* **EXERCISE AIM**
Copy out the whole listing exactly as given. Skip the pictures.

* **SUPPLIED INFORMATION**

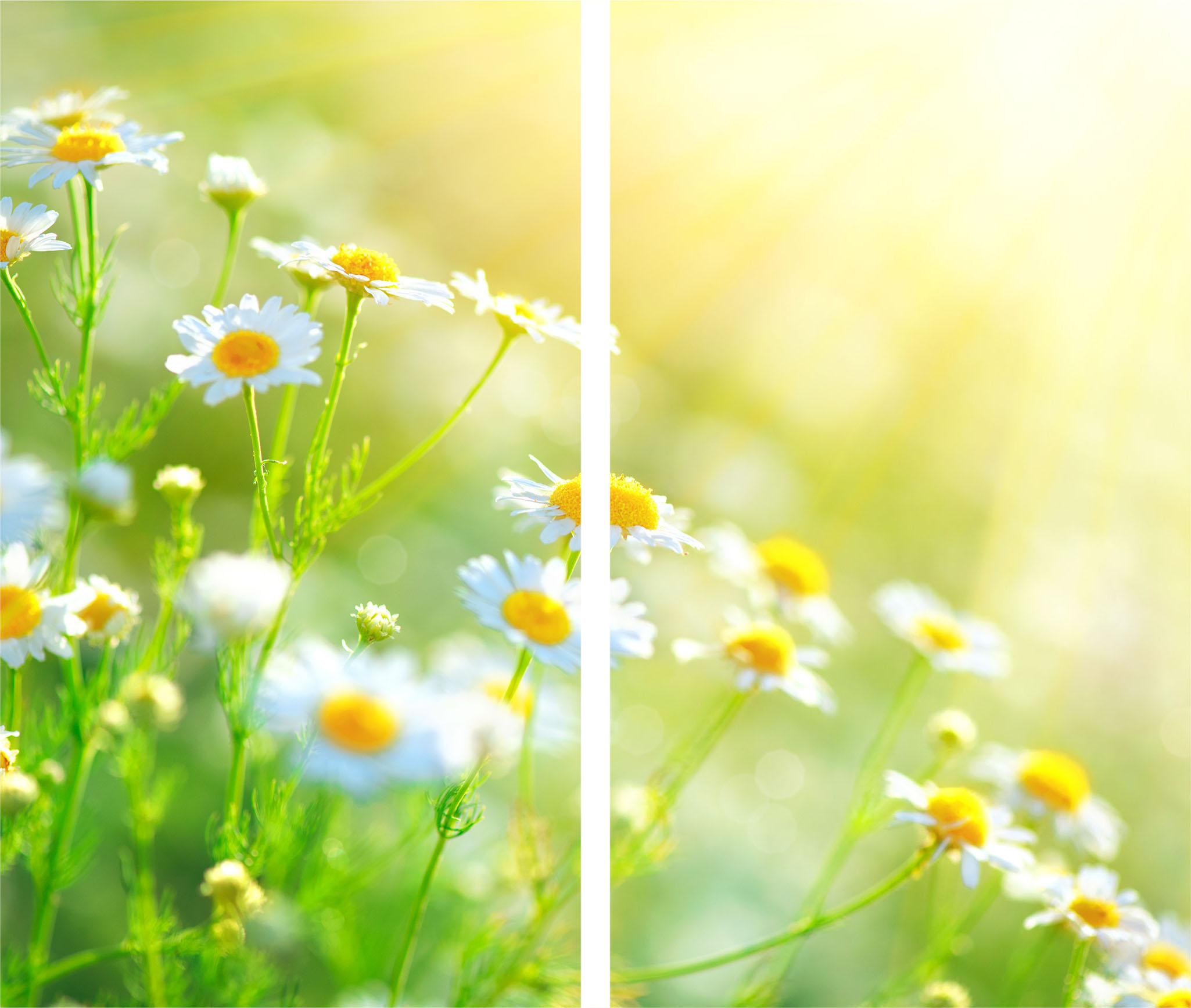 2x SZKLANA PŁYTA OCHRONNA NA KUCHENKĘ 30x52 KWIATY Marka TMK ArtDeko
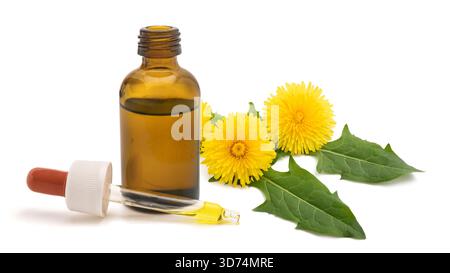 Dandelion flowers  with  essence bottle  isolated on white Stock Photo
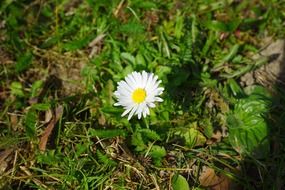 bud of white daisy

* **SOLVED PROBLEM**
 2x SZKLANA PŁYTA OCHRONNA NA KUCHENKĘ 30x52 KWIATY Marka TMK ArtDeko
 Dandelion flowers  with  essence bottle  isolated on white Stock Photo
 bud of white daisy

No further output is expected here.